ロバ、雪山へ行く


山スキーを楽しむロバ達

日本の冬は世界的に見ても雪が多い豪雪地帯だ。毎年、世界中からウィンタースポーツを楽しみにやってくる。しかも日本の雪質はパウダースノーと言い粉のようにサラサラしている雪になり、気温も低く、空気が乾燥している土地なので、特にスキーには最適な環境といわれている。最近ではスキー場のスキーだけでは物足らず、登山スキーや雪山登山を楽しむ人も多いと聞きいている。

「トンネルを抜けると雪景色」昔どこかで聞いた言葉を思い出す。本当は「トンネルを抜けると雪国」川端康成が書いた「雪国」に出てくる文章だが、俺の記憶ではドラえもんの映画で「のびた」が言った言葉が頭の中にこびりついている。雪景色とは、まぶしいほどの白い世界が広がり、地面に落ちてくる雪音がとても静かでとても暖かく感じる世界。一度見たことがある人は想像するだけでも心が静かになれるだろう。だが、そんな雪の世界は何人もの人々を魅了し人間が踏み入る隙をあたえ、人間をいとも簡単に呑みこんでしまう。雪山には、あらゆる手を使い呑み込もうとする白い誘惑がまっているのだ。今回は雪山の数多くある災害の中から「雪崩」の危険性を学ぼうと思う。

雪崩について‥
雪崩は簡単に2つの種類に別れている。
それが、点発生雪崩と面発生雪崩になる。点発生は一点から雪崩が起こり進むにつれ大きさやスピードが増していく。この点発生雪崩は複数の沢が合流している場所では危険だが、条件が揃っていないかぎり、恐ろしい威力にはならない。
そして、面発生は広い範囲の積雪面から勢いよく流れでる。スピード、パワーも点発生の比ではなくもっとも危険な雪崩なのだ。
そして、その点発生や面発生雪崩の中でも細かく分けて表層雪崩と全層雪崩の2つに分かれている。
「全層雪崩」とは少し暖かくなったころから雨が降り、その水が地面と雪の間に入り、地面と積雪の間に摩擦力が無くなり積雪が全て滑り落ちる雪崩になる。スピードは約40~100kmにも達し自動車並の速さになるという。
「表層雪崩」とは真冬の時期に起こる雪崩で、古い積雪の上に新しい積雪が多く降ったあとに起こりやすい雪崩になる。これは硬くなった古い積雪の上を滑り台のように流れるしくみになっている。
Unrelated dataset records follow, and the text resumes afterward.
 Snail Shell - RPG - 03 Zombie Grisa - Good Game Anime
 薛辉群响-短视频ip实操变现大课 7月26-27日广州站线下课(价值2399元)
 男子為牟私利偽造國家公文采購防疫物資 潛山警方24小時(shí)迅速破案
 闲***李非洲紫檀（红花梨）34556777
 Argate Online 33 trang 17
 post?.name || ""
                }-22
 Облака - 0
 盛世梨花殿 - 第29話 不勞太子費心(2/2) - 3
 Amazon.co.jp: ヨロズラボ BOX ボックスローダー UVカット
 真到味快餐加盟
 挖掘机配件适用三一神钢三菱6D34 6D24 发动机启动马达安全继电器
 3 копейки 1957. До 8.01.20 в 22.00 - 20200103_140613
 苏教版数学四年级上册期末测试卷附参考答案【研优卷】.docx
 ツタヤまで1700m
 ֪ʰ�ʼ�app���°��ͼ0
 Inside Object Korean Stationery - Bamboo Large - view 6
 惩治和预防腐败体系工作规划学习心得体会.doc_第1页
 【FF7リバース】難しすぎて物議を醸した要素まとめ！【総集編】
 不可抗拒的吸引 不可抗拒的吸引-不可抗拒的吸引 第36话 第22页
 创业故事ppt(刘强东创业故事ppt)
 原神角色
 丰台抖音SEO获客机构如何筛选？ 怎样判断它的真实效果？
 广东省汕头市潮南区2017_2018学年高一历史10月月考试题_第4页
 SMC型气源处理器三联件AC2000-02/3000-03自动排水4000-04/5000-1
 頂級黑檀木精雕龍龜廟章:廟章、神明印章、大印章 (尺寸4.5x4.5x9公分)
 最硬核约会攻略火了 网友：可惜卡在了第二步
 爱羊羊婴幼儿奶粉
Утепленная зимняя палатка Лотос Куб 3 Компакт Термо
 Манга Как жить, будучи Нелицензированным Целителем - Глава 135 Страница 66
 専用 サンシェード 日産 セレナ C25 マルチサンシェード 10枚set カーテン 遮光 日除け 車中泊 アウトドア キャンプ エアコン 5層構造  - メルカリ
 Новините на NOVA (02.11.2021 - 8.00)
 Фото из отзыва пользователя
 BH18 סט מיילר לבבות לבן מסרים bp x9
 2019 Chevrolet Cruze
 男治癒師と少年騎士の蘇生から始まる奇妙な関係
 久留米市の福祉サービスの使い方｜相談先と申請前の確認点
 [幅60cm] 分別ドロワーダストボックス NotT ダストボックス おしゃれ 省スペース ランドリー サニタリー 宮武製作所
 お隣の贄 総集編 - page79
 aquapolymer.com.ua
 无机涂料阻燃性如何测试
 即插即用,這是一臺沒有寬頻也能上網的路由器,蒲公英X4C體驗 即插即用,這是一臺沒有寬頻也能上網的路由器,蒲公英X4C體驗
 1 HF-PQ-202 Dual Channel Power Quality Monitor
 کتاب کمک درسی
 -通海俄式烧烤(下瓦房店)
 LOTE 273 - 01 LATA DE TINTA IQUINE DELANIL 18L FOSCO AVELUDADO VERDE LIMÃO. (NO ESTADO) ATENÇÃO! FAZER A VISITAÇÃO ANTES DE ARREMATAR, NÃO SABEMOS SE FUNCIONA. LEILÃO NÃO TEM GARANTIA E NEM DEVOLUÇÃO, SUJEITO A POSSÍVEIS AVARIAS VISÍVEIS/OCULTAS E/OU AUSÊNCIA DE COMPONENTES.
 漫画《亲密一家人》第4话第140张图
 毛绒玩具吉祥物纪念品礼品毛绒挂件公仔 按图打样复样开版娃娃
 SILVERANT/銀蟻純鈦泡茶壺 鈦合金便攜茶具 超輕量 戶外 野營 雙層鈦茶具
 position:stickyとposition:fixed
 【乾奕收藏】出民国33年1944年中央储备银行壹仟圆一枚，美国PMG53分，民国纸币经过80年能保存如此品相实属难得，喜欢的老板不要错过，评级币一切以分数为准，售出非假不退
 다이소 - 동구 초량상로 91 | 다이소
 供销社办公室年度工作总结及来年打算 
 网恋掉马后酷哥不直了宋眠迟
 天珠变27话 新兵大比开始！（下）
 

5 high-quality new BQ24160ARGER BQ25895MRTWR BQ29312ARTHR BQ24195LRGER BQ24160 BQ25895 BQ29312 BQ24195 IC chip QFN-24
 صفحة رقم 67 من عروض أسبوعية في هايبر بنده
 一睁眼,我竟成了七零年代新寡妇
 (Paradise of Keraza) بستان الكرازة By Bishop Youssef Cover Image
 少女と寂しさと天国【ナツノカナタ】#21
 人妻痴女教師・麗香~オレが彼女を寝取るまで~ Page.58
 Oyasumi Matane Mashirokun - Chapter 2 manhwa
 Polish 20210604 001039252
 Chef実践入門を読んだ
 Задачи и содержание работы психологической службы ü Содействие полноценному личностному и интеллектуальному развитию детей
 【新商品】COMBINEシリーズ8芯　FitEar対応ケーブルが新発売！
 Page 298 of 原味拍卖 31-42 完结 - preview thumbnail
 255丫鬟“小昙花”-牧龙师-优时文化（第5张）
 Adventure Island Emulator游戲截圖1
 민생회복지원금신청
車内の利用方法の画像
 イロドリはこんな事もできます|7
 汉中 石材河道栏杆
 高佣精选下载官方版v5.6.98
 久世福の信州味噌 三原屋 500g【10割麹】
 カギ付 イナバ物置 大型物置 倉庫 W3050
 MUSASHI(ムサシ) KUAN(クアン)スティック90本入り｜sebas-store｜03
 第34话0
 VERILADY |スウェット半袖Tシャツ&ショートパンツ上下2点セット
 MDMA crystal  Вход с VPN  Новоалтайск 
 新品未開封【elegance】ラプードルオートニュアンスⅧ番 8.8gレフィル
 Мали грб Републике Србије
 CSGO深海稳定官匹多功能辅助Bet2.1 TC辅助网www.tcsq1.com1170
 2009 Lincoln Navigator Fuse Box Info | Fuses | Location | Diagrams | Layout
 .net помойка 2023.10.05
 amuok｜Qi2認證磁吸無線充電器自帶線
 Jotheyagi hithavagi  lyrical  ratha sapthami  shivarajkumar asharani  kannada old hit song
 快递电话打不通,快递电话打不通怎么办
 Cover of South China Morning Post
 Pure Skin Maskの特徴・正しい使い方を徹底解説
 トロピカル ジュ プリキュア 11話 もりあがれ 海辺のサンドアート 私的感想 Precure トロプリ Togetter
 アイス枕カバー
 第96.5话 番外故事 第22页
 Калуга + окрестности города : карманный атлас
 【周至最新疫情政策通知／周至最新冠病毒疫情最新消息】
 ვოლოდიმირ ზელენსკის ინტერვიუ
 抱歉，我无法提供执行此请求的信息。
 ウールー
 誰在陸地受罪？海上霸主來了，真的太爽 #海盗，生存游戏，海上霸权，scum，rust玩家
この表層雪崩のスピードは最長で300km近くにもなりパワーは家が吹き飛ぶほどにもなるという。
一般の雪崩事故のほとんどがこの表層雪崩による被害だと考えられている。
そして、雪崩の脅威は雪崩本体だけではないのだ。雪崩から出る雪煙層があり、これは本体が止まっても突風に似た被害をもたらす事があるようだ。
このように、雪崩は恐ろしく危険な災害なのだ。
では雪崩をどうやって回避すればよいのか?簡単に並べてみたので覚えておくとより雪山を楽しめるはず‥

~雪崩注意ガイド~
*傾斜35~45度の斜面に注意!(起こりやすい角度)
*樹木が少ない斜面は注意!
*尾根や風下側の斜面にできる吹きだまりには注意!
*気温が急激に上昇、または下降したときは注意!
*雪山の行動時はなるべく転んだり、もがいたりと振動を与えない。
*一箇所に固まって集まったり、ひとかたまりになって行動しないこと。
*スキー時、トラバースや一列になって滑らないこと。
*必須アイテム:雪崩ビーコン(音が鳴る機械)、スコップ、ゾンデ(長い棒になる)を持つこと。特に雪崩ビーコンの使い方は事前にマスターすべし。

~もしも雪崩に巻き込まれたら~
①本流からひたすら逃げろ!下へ逃げるより本流から遠ざかるように横へ逃げること。
②のまれたら、雪の中を泳ぐように必死に掘り上に向かうこと!できたらサーフィンのパドリングのように。
③近くに木や岩があったらしがみつく!
④大声で仲間に自分の位置を知らせる!
⑤どうしても駄目だと思ったら自分の呼吸を確保するために鼻や口を両手で覆うこと!

~雪崩にのまれた仲間の救助方法~
①のみ込まれた仲間を最後に目撃した場所を目印に書いておく。もしくは記憶する。
②二次的な雪崩があるか確認し、誰がのまれたのかも確認しておき、時間も見ておく。
③目撃した場所を目印として何かを置き、全員で捜索開始。
④目印から雪崩の流路に沿って下を見て装備品や衣服、そして被害者を探す。
⑤二次的な雪崩が起こるかもしれないので注意しながら行動する。
⑥捜索中、ビップ音や声を探ること。
⑦徐々に捜索範囲を広げていく。
⑧装備品や服があった場所でゾンデ(長い棒)を使い手分けして雪面を刺す。
⑨障害物(木や岩)の近くも調べること。
⑩30~60分後、捜索隊を呼ぶ
⑪すでに調べた場所は目印をしておく。

以上、雪崩対策でした。

とはいってもそうそう冷静に行動できないだろう。雪山に入るなら熟練された山人間と同行したほうがいい。美しいものには危険が多い。世界にはまだまだ踏み入れてはいけない領域が沢山ある。雪山もその一つになるだろう。

ちなみに現在開発中の機械で雪崩の危険があろう場所を素早く測定することに成功している。これにより、近い将来ではケータイに雪崩予測が発信されるようになるかもしれない。